Idris Elba is one of the busiest movie actors around, from “Thor: Ragnarok” to “The Mountains Between Us” to the upcoming “Molly’s Game.”

So why is the recent Esquire magazine cover star making a cameo appearance in a television special?

Elba is one of the producers of “Five by Five,” an odd little experiment that has its American premiere Wednesday on the BBC streaming service BritBox. The special is 25 minutes long, consisting of five interlinked five-minute films, each by a different writer.

The show starts off with a cameo appearance by Elba himself, hiding a knife under his shirt as he heads out to a store for what seems like a fateful encounter. Elba’s character morphs into a teenage boy along the way.

Then, in the store, the perspective shifts to a woman in the store (Georgina Campbell), heading to a train stop with her own agenda in mind.

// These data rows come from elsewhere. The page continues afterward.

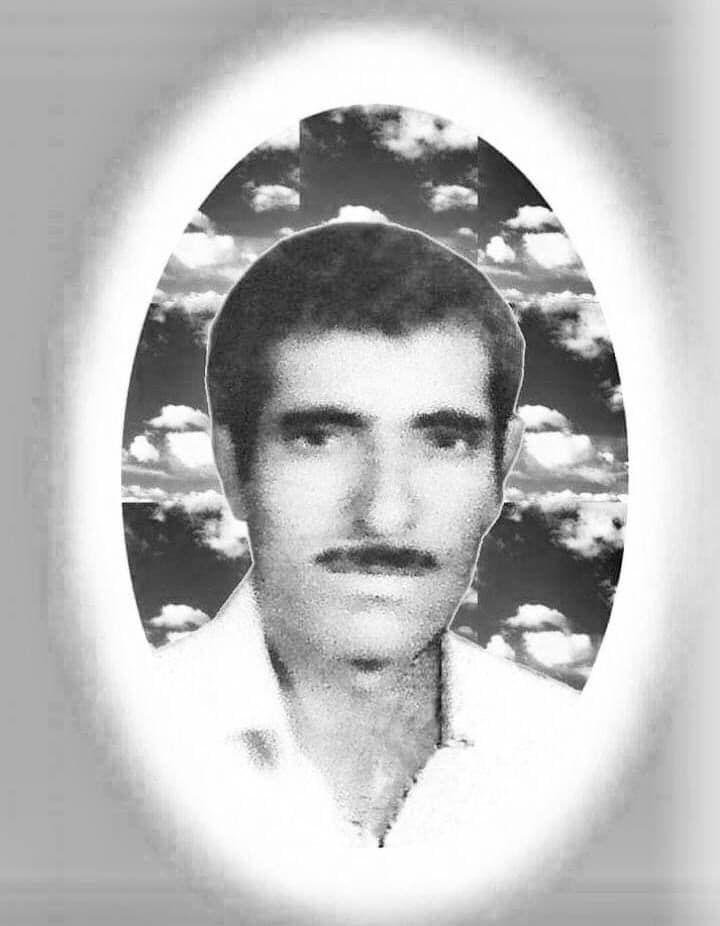 الملا محمد أمين جواد كاظم أوسطلار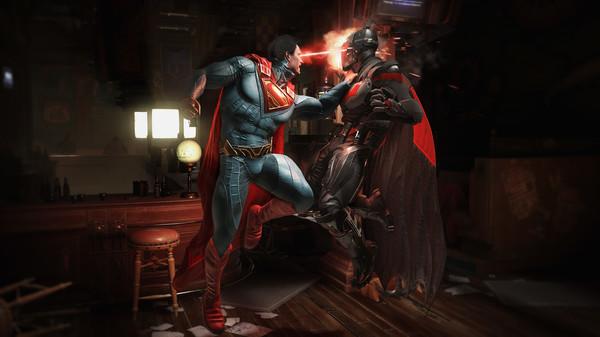 Injustice 2 - Ultimate Edition Screenshot #3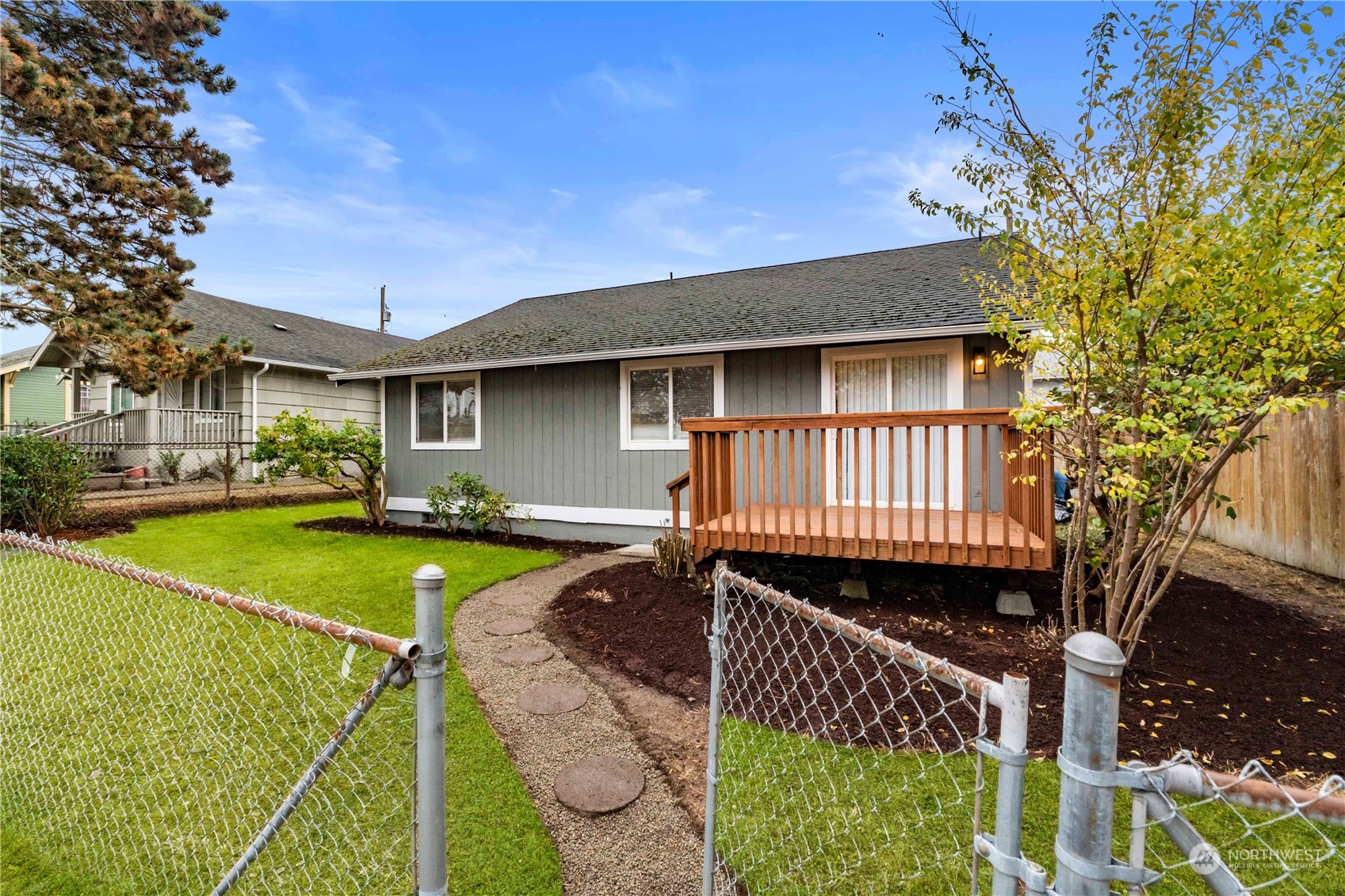 4308 McKinley Avenue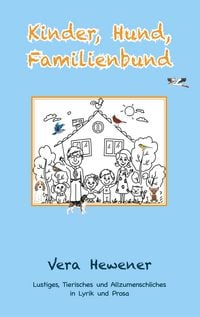 Produktbild: Kinder, Hund, Familienbund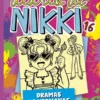 DIARIO DE NIKKI Nº16: DRAMAS DE HERMANAS [CARTONE]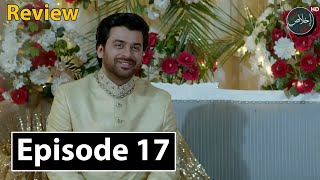 Sultanat Episode 17 Teaser amp Promo Review  7th May 2024  Ikhlaas TV [upl. by Aelahs601]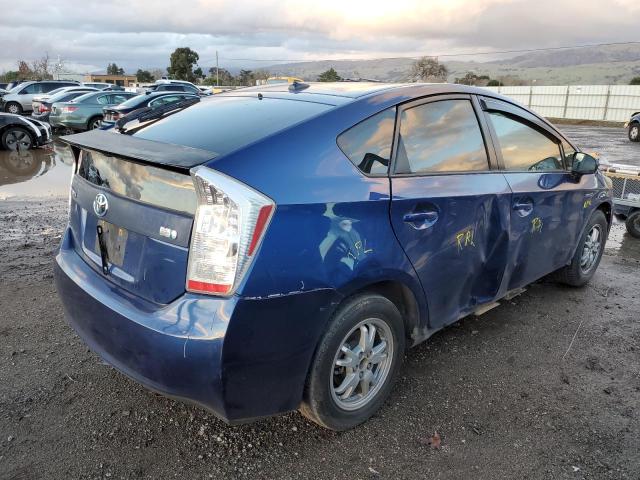 Photo 2 VIN: JTDKN3DU4A0024893 - TOYOTA PRIUS 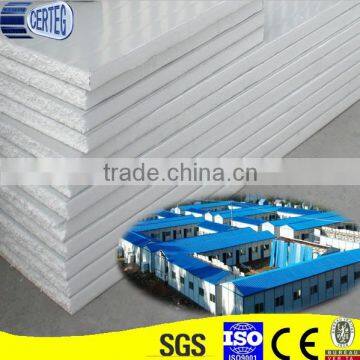 EPS Sandwich Panels photo-2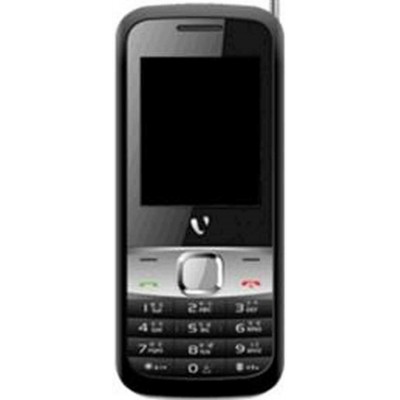 Back Panel Cover for Videocon Dost V1511 - White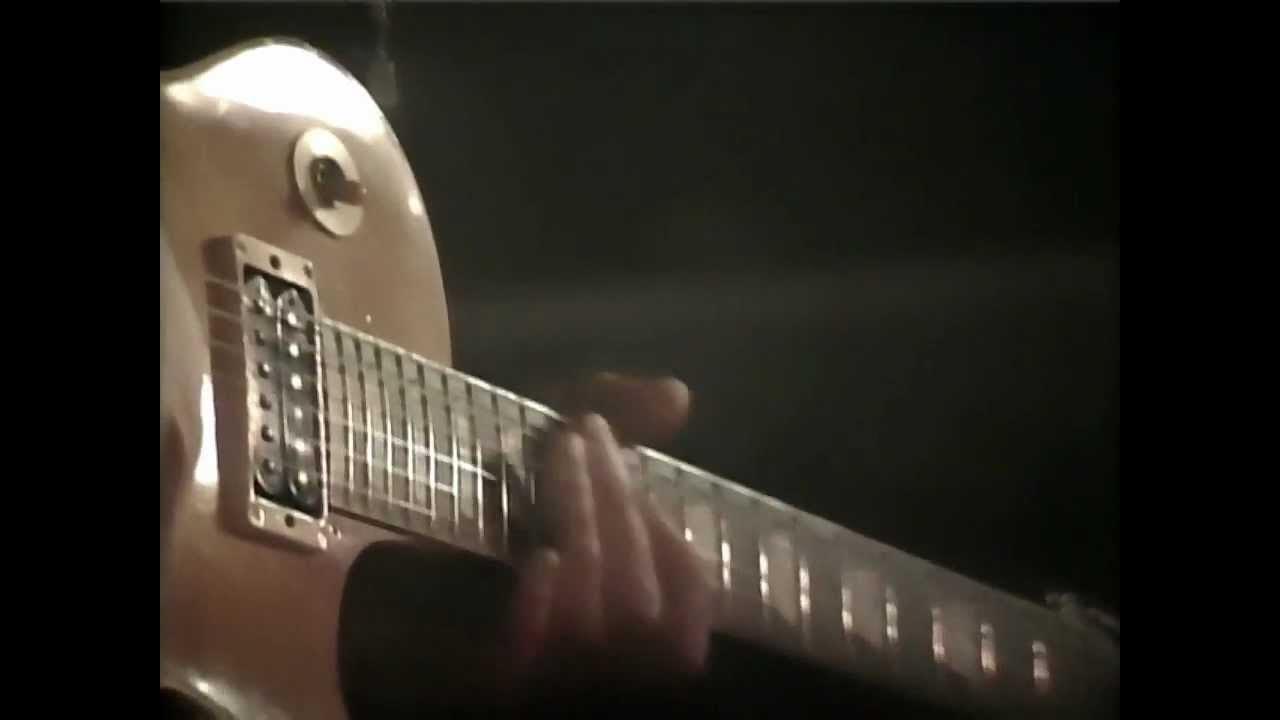 Gary Moore - LIVE BLUES - Only The Best Solos (mix) Gary Moore - LIVE BLUES - Only The Best Solos (mix)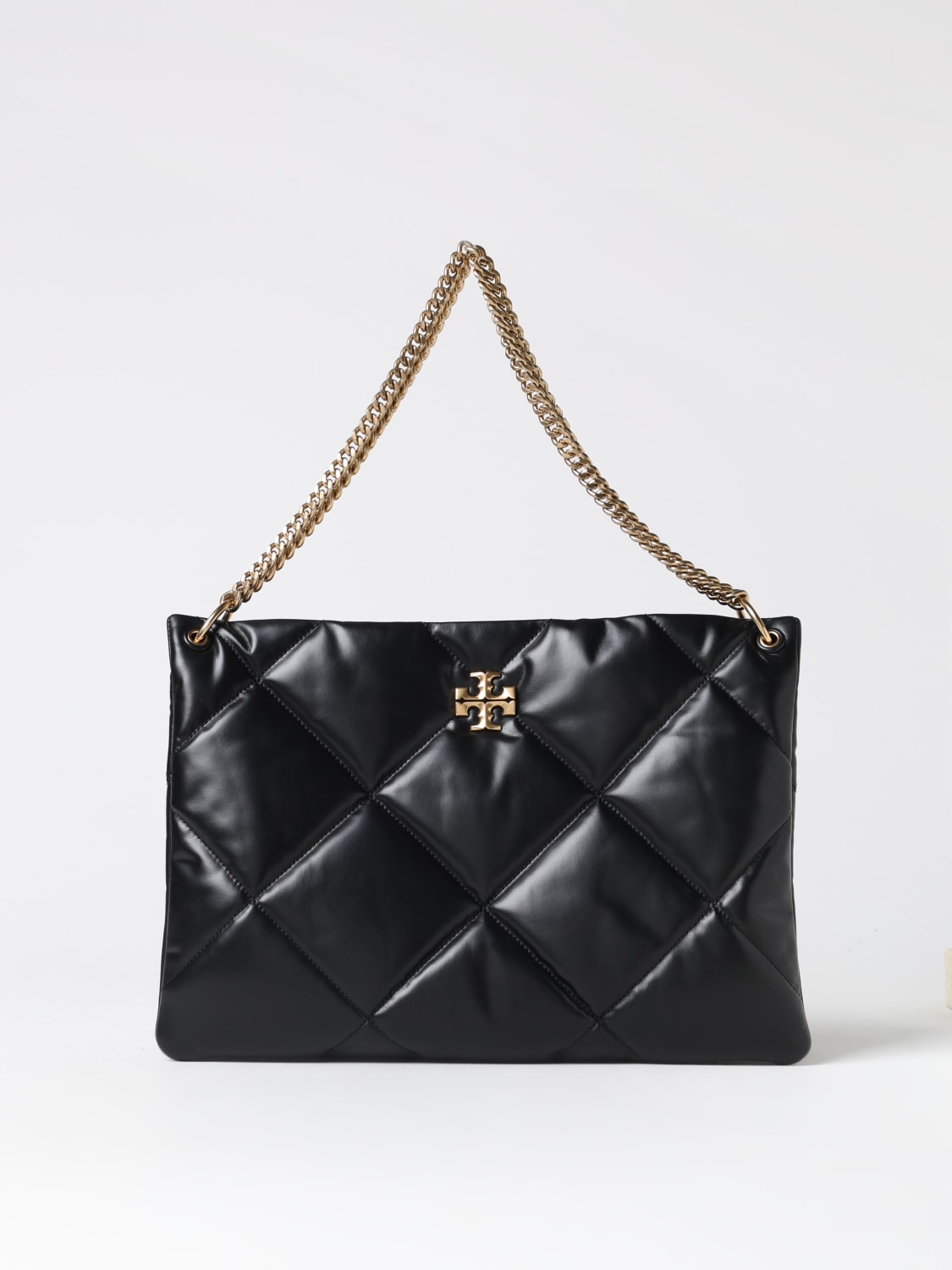 Giglio Borsa Kira Diamond Tory Burch in nappa matelassè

Five minutes later, the perspective jumps to another character, and then another.

“Five by Five” reminded me a lot of Richard Linklater’s “Slacker,” in which the camera follows different characters through a 24-hour period in Austin. But “Five by Five” is more dramatic than that easygoing indie movie. Each five-minute segment has a definite conclusion, often a twist ending that challenges our perceptions of these characters. And it all circles back to Elba’s character at the very end.

Taken together, the five films represent an almost poetic vision of London, the big city as a melting pot where random encounters with strangers can change lives in an instant. Each of the writers on “Five by Five” had apparently never written for television before, and the show serves as a rare showcase for new voices on television. I hope Elba makes more of them.

Also on streaming: For those skeptical about the patriarchal dystopia presented by Hulu’s “The Handmaid’s Tale,” they only need to go back in time for the Netflix series “Alias Grace,” which premiered last Friday.

Sarah Polley’s adaptation of another Margaret Atwood novel centers on an Irish immigrant (Sarah Gadon) who murders her employer and his housekeeper in 1843 Canada. The miniseries looks at both the murder investigation and the powerlessness of poor immigrant women in rural 19th-century life.

On a much lighter note, Netflix is premiering the second season of “Lady Dynamite” on Friday. The wonderful stand-up comedian Maria Bamford (who sold out the Barrymore Theatre in September) fictionalizes her life with giddy wit and disarming honesty. She promises a little science fiction added into the mix this season.

Fans of Asa Larsson’s novels, and Scandinavian crime fiction in general, will want to check out the new, eight-part miniseries “Rebecka Martinsson,” which premiered its first episode Monday on Acorn. Ida Engvoll plays the title character, a successful lawyer who returns to her small hometown to investigate a friend’s mysterious death.